Średnie ceny paliw w Polsce
(fot. Infografika: Jerzy Chamier-Gliszczyński)
Jak tłumaczy Dorota Gudaś, analityk z Biura Maklerskiego Reflex, tankujemy taniej, bo ostatnio umocniła się złotówka. A jaki ma to wpływ na cenę paliw? Spory. Na światowym rynku ropy transakcje rozliczane są w dolarach. Gdy amerykańska waluta traci na wartości, to polskie przedsiębiorstwa mogą taniej kupić surowiec. Kierowcom pomogła również ostatnia obniżka ceny baryłki ropy.
- Co to była za ulga, gdy zobaczyłem nowe stawki - mówi mieszkaniec Chojnic. - W mieście i na trasie prawie na każdej stacji mogę zatankować litr benzyny 95 za mniej niż 4,60 zł. W końcu!
Z danych BM Reflex wynika, że przeciętne krajowe ceny "95" i oleju napędowego są najniższe od prawie czterech miesięcy. Średnio w ostatnich dniach litr Pb95 kosztował 4,60 zł, czyli o 3 gr mniej niż tydzień wcześniej. W tym samym czasie litr oleju napędowego potaniał przeciętnie o 4 gr i kosztował 4,33 zł.

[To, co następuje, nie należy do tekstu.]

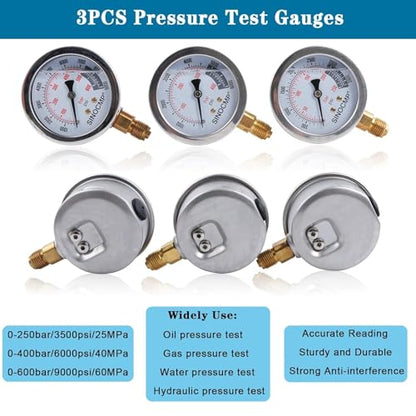 Hydraulic Pressure Test Kit with 3 Gauges 25/40/60 Mpa, 9 Couplings, 3 Test Hoses, Hydraulic Gauge Tester Set for Excavator Construction Machinery - size: Silver 3 gaugs 9 couplings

- Niestety, póki co, seria obniżek na stacjach dobiega końca - twierdzi Dorota Gudaś. Ale zaraz pociesza: - Szanse na większy spadek cen wzrosną późną jesienią i zimą, kiedy to średnio za litr benzyny 95 możemy płacić 4,35-4,40 zł. Potanieje też wówczas olej napędowy.
Za autogaz trzeba było zapłacić ostatnio na polskich stacjach średnio 2,15 zł. Według analityk, jesienią i zimą LPG może podrożeć do przeciętnego poziomu 2,35 zł za litr.